My entire setup runs on podman, so this includes the networks clearml_frontend
and clearml_backend
(via the netavark driver, for rootless containers).
The first thing I tried was to run the unmodified allegroai/clearml-agent-services
image via podman, so upon start, due to the image's existing entrypoint.sh
that podman container runs clearml-agent daemon --docker ...
. Before any task is scheduled on the services
queue, that agent shows up as a worker clearml-services
in the UI on the services
queue.
However when an optimization task is scheduled on the services
queue, the agent spins up a docker container, and then that docker container hangs after initial packages installation. I believe this is because it cannot access the backend and frontend networks created by podman. So it can't access apiserver:8008
, fileserver:8081
, etc. Nothing surprising in fact. It just took me some time see that issue ;)
The second thing I tried is to modify the entrypoint.sh
in order to launch the agent without the --docker
flag and args. I only modified the last line into the following one:
clearml-agent daemon $DAEMON_OPTIONS --queue $QUEUES --cpu-only ${CLEARML_AGENT_EXTRA_ARGS:-$TRAINS_AGENT_EXTRA_ARGS}
You can access that modified image at graelo/clearml-agent-services-pip
(it also uses a recent ubuntu for crypto in Python 3.10). In this case, the podman container starts the agent in pip mode: the agent indeed connects to the apiserver:8008 etc, it creates the services queue, and it registers itself as a worker but with an id such as clearml-services:<taskid>
. This time, when scheduling an optimizer task on the queue, the task is picked up by the agent, but a new agent is declared on the queue:
and the task fails with the following
1681837594230 silence info ClearML Task: created new task id=5c848f5e20694b55b8c32d4c86a02b17
ClearML results page: https://app.clearml.example.cc/projects/2da27d3b0d864fe889a6403034a79df8/experiments/5c848f5e20694b55b8c32d4c86a02b17/output/log
1681837609452 clearml-services INFO task 5c848f5e20694b55b8c32d4c86a02b17 pulled from 0872f9496cbb4efb82e22209e5b14253 by worker clearml-services
1681837614568 clearml-services DEBUG Using environment access key CLEARML_API_ACCESS_KEY=2J4MO046IXQI40J380SU
Using environment secret key CLEARML_API_SECRET_KEY=********
Running task '5c848f5e20694b55b8c32d4c86a02b17'
1681837614644 clearml-services ERROR User aborted: stopping task (3)

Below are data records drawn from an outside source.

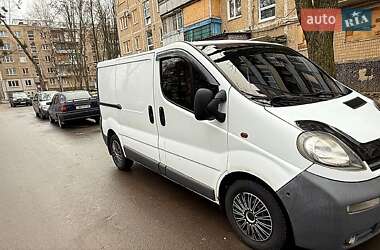 Вантажний фургон Opel Vivaro 2005 в Харкові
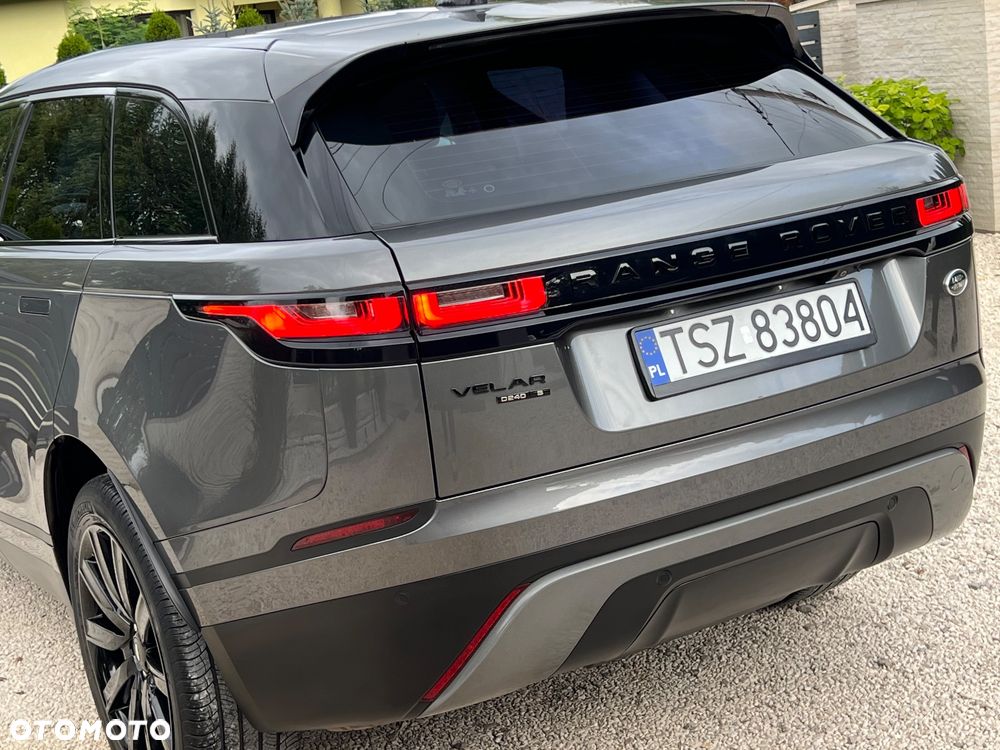 Land Rover Range Rover Velar 2.0d R-Dynamic S - 9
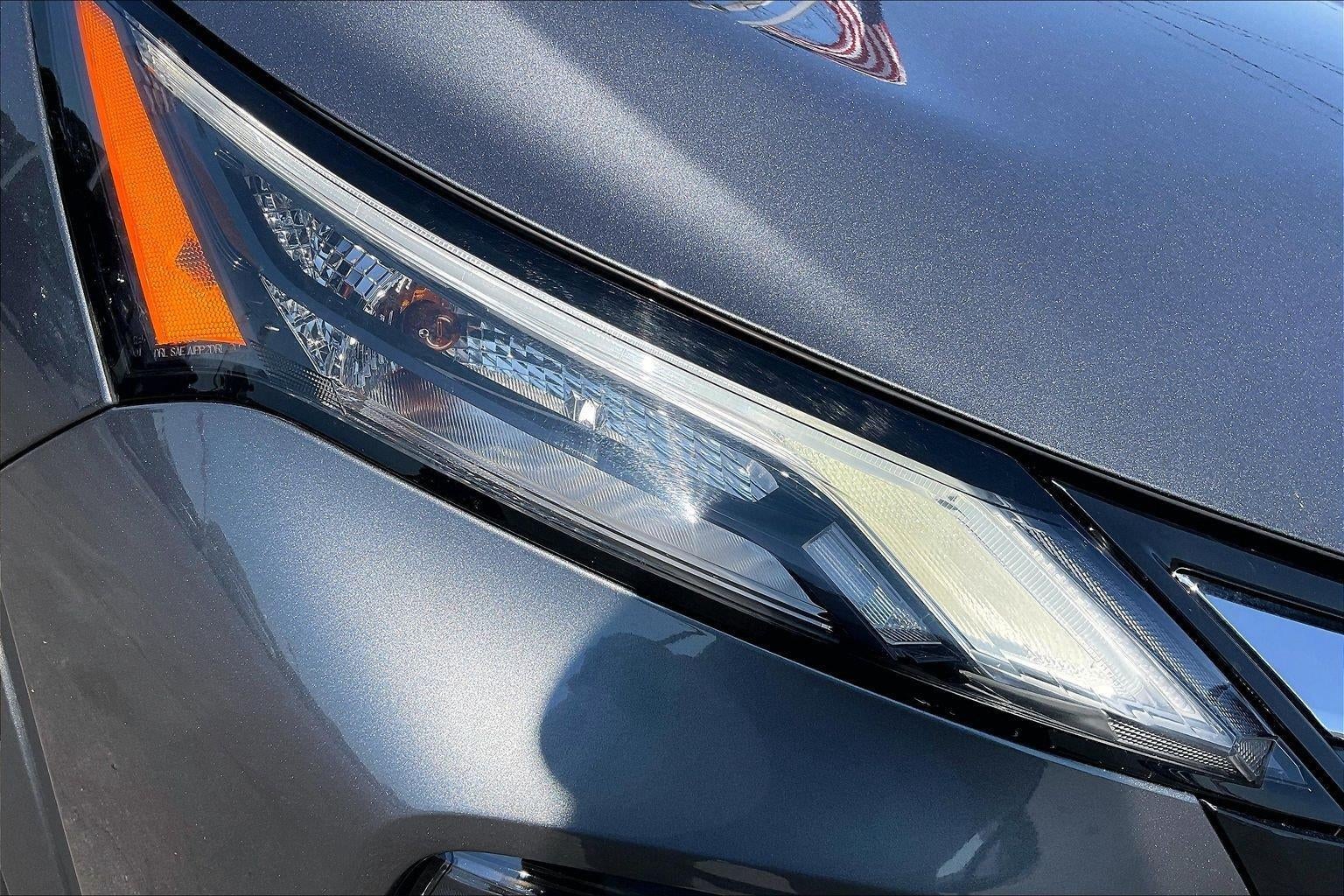 2025 Nissan Rogue S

Am I missing some piece of configuration?
For the 2nd scenario above, I tried setting the worker id and/or name via the CLEARML_WORKER_xx
env variables, but the same error occurred. I guess this is because these variables determine the agent id/name when first registering on the queue, but not what happens when a task is scheduled.
Thanks for your help!
@graelo - I have the same issue - would like to understand what's going on
@graelo @prassanna-ravishankar , is your setup changed in some way from the default? I can set up an open-source clearml server with the built-in services agent, and the tasks it spins up can reach the clearml server as usual...
I created a pull request (#206) to remove the docker flag when CLEARML_AGENT_NO_DOCKER
is set.
Hi, thanks!
I'll dig into it, but expect some delay before I provide feedback because it's been some time I have not dug into this.
Hi, thanks for ClearML, it's awesome.
I orchestrate my containers on a single server using podman (managed with systemd units, with all stuff in zfs datasets). It works great. I'll share my setup, but it's basically a reformulation of the docker-compose file.
However there's one thing I could not get to work correctly with podman: the agent-services. I can launch it and see the clearml-services worker in the services queue, tasks can be scheduled on it, but they are blocked as soon as the spun docker job needs to communicate with the API. The docker container of course does not have access to the podman networks where the services live.
I tried to avoid docker in the following way: I built a new image where the services/entrypoint.sh simply starts the agent without the
--docker
flag and arguments. However, a new worker-id being added to the queue and it's not entirely clear to me but it messes up the config and the scheduled tasks fail invariably.I probably missed a simple config variable to have it working, could you point me to it? Basically, in the agent-services container, can we run
clearml-agent
without--docker ${...}
?Thanks!
PS: At the moment, I'm back to running my hpo from a non-containerized process, running the agent in pip mode, and it works great.